Também os nomes das ruas da cidade faziam alusão aos romances e personagens da obra do escritor, como Praça Policarpo Quaresma, Rua Gonzaga de Sá, Rua Escrivão Isaías Caminha, etc. O próprio nome da cidade da trama – Tubiacanga – não é criação dos autores da novela, mas de Lima Barreto: está no conto “Nova Califórnia”.

2 – Personagens que não funcionaram

Aguinaldo Silva considerou que os personagens Ivonete (Julciléa Telles) e Vivaldo (André Gonçalves), respectivamente mulher e filho mais velho do coveiro Orestes Fronteira (Cláudio Marzo), não funcionaram como esperava. Foi então criado um incêndio na casa da família, do qual escaparam somente Orestes e o filho menor, Romãozinho (Patrick de Oliveira).

Ao livro “Autores, Histórias da Teledramaturgia” (do Projeto Memória Globo), Aguinaldo declarou: “Um núcleo que eu odiava, no qual nada dava certo. Só o Cláudio Marzo e um menino, o Patrick de Oliveira, funcionavam. Fiz um incêndio e só os dois sobreviveram.”

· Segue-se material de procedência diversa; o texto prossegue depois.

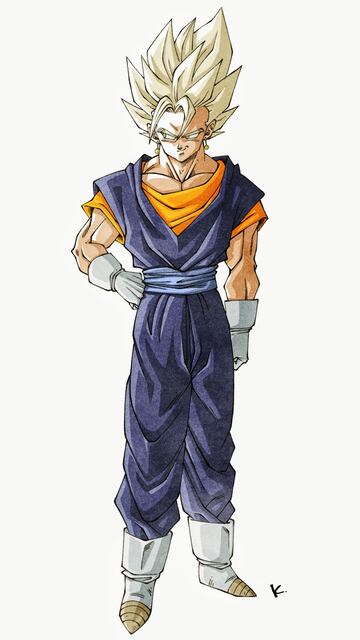 Dragon Ball por Kakeru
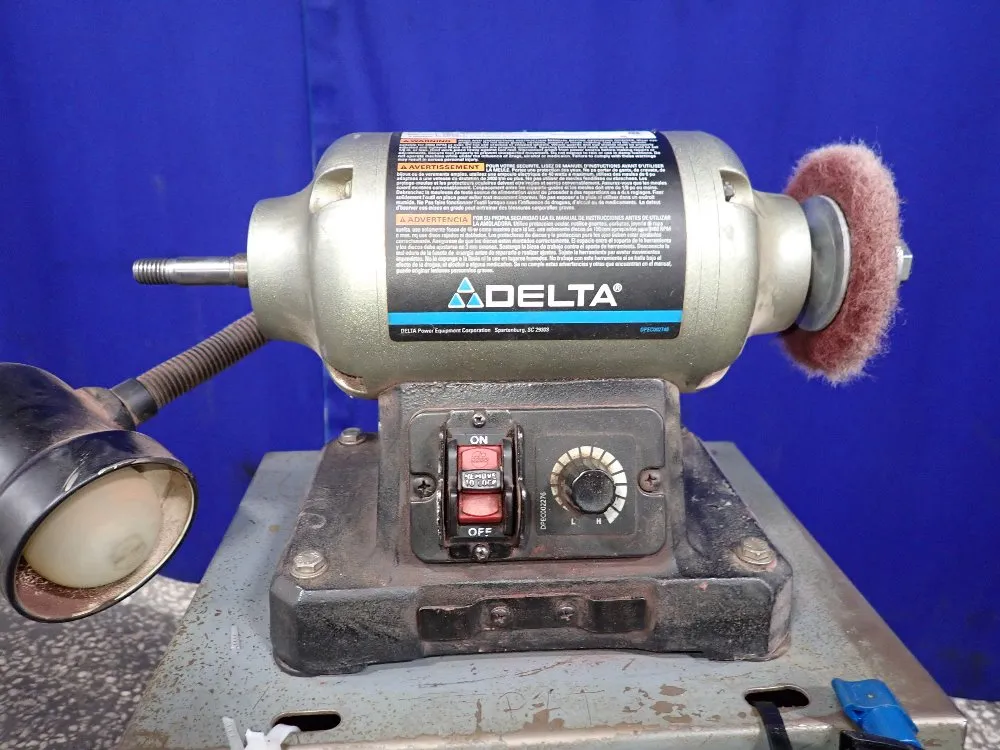 Delta 6" Buffer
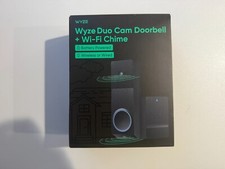 Wyze duo cam for sale  Worcester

A personagem Clara dos Anjos, uma das mais famosos da obra de Lima Barreto, foi vivida na novela pela estreante atriz Érika Rosa. Seu desempenho foi muito criticado, levando à saída de sua personagem da trama cerca de dois meses antes do final da novela. A atriz nunca mais foi vista na televisão.

3 – Crítica política

Os autores incorporaram à novela fatos do cenário político vigente. O escândalo dos “anões do orçamento”, alardeados pelo noticiário nacional na época (1993-1994), apareceram por meio dos personagens Major Bentes (Lima Duarte), Professor Praxedes (Juca de Oliveira), Numa Pompílio de Castro (Hugo Carvana) e Demóstenes (José Wilker) – eles eram os anões de Tubiacanga.

A atriz Perla Menescal (Cláudia Alencar) foi sem calcinha receber as chaves da cidade das mãos do prefeito, com quem mantinha um caso amoroso – uma paródia do episódio envolvendo a modelo Lílian Ramos, fotografada sem a peça íntima ao lado do então presidente Itamar Franco no Sambódromo do Rio de Janeiro durante o carnaval de 1994.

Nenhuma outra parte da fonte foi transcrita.